Furthermore, the idea of multiple benefits is integral to land based solutions. “If you consider that 24% of emissions come from the agro-forestry sector – 37% when you include the entire food production supply chain – then one of the key solutions to reaching net zero has to involve land use,” continues Perugini.
Land based solutions present a unique opportunity to implement strategies that bring both climate and environmental benefits on a more ample scale.
Land based solutions include land mitigation options, such as acting on the drivers of deforestation (which on its own contributes to around 11% of emissions), as well as increasing the productivity of crops and altering high impact behaviours – such as the consumption red meat. “In this way land use options can not only help reduce overall emissions but also continue to remove excess carbon,” continues Perugini.
“Land based solutions are important because you can see land as a sort of emissions and sequestration mosaic,” outlines Chiriacò. “Just by way of example, our CMCC article on the sustainable management of land use options shows how a multi-actor approach to land use can guarantee carbon neutrality of livestock production of districts such as in the province of Viterbo.”
The EU is currently investing in the multifaceted benefits of nature based solutions and leverages the climate emergency to put these policies in action through their biodiversity and adapatation strategies.
However, land-based solutions may not be enough to meet net zero emissions goals.

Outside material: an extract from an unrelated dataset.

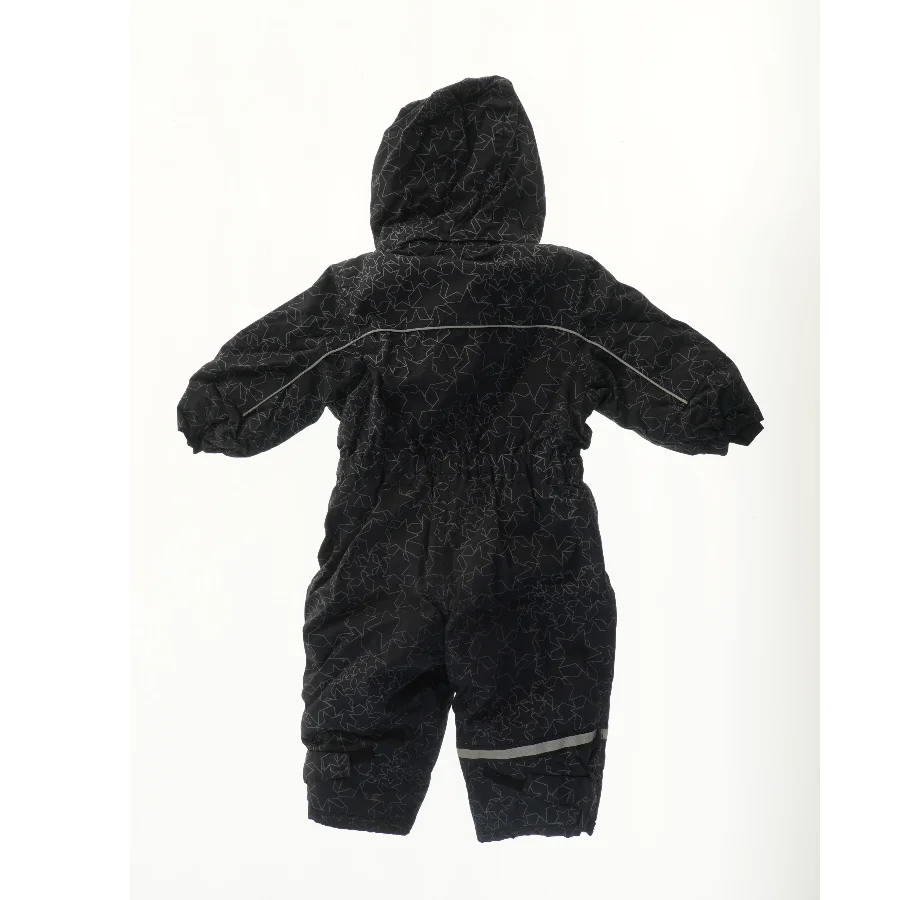 Sort flyverdragt med mønster fra Friends (str. 86)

For example, the net zero trajectory of the EU requires forests to double their sink effect by 2050, yet at the same time EU forests are getting older and their sink capacity is actually decreasing.
The rise of technology
To remove carbon from the atmosphere most modellers assume that we will need to rely increasingly on Negative Emission Technologies such as Bio-Energy with Carbon Capture and Storage (BECCS) and Direct Air Carbon Capture and Storage (DACCS).
BECCS is the process of extracting bioenergy from biomass and capturing and storing the carbon, thereby removing it from the atmosphere. On the other hand, DACCS is a technology that uses chemical processes to capture and separate CO2 directly from ambient air.

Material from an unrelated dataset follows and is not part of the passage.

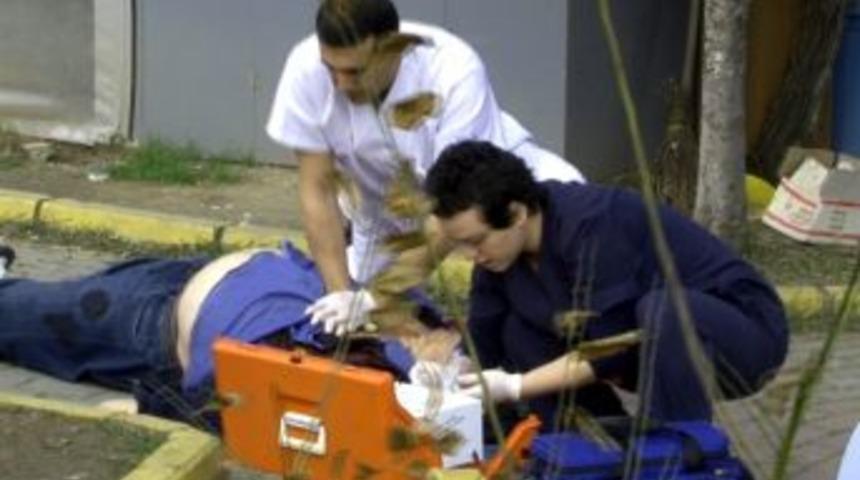 Taksicinin &lsquo;alacak kurşunu&rsquo; &ouml;ld&uuml;rd&uuml;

Since around 2005 climate scientists have increasingly included these strategies in their modelling for below 2C emissions pathway scenarios. However, both rely on carbon capture and storage technology which is not yet mature and would need to be upscaled significantly.
“BECCS require much more land and water than DACCS, which makes DACCS a good option to withdraw carbon from the atmosphere. However, both rely on the CCS technology which is not yet mature and would need to be used a large scale,” explains Drouet
Moreover, the economics around DACCS need to be better understood, as it will not provide a direct service. BECCS on the other hand produces electricity and a collective geoengineering service. “An alternative would be the development of DAC with carbon recycling, to close the carbon cycle. But, still, this scenario will rely on a large decrease of the energy demand,” concludes Drouet.

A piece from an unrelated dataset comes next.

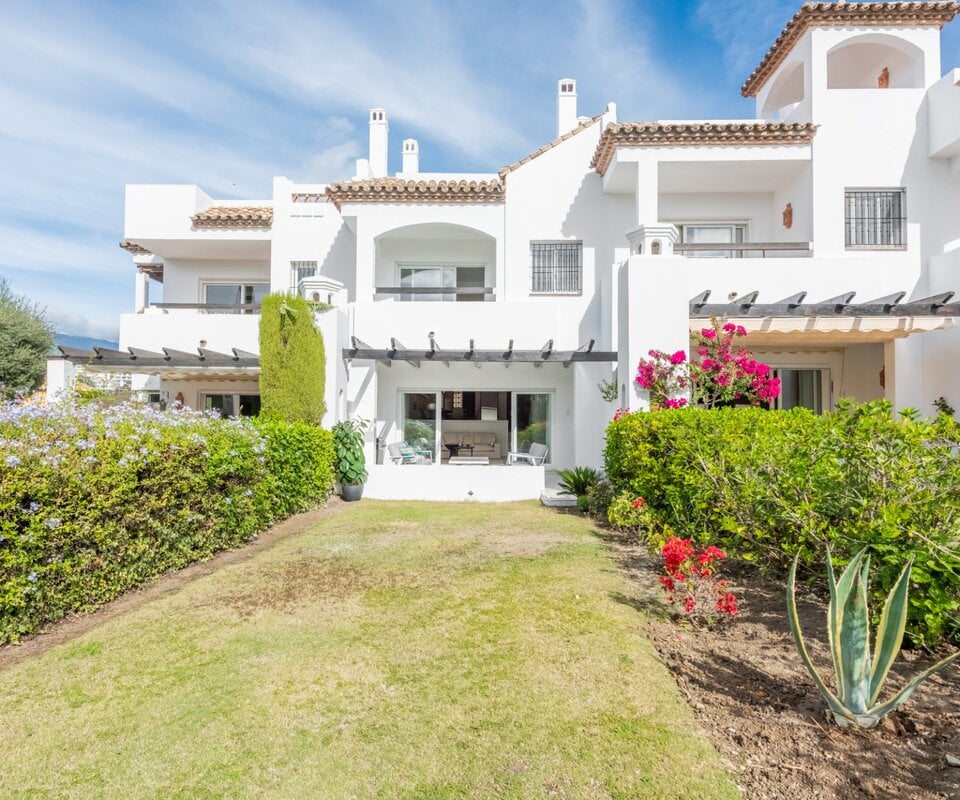Spacious townhouse with garden and open views in Nueva Andalucía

“Solutions to net zero should be seen in a much broader light than just the climate, we need to look at this as a problem of human survival, biodiversity and the way we use resources,” says Chiriacò. “It is also an ethical question. We are investing in technological solutions to removing climate altering gasses from the atmosphere but we have to be careful that this doesn’t translate to a free-pass to continue along unsustainable pathways.”
Although land based and technological solutions to excess emissions are essential they must not perpetuate a belief in technological salvation and diminish the sense of urgency surrounding the need to curb emissions now.
Net zero is first and foremost about reducing emissions and not a blank cheque for the continued burning of fossil fuels and ecosystem degradation.
“We are at a critical moment where we can’t afford the luxury of making mistakes,” concludes Perugini.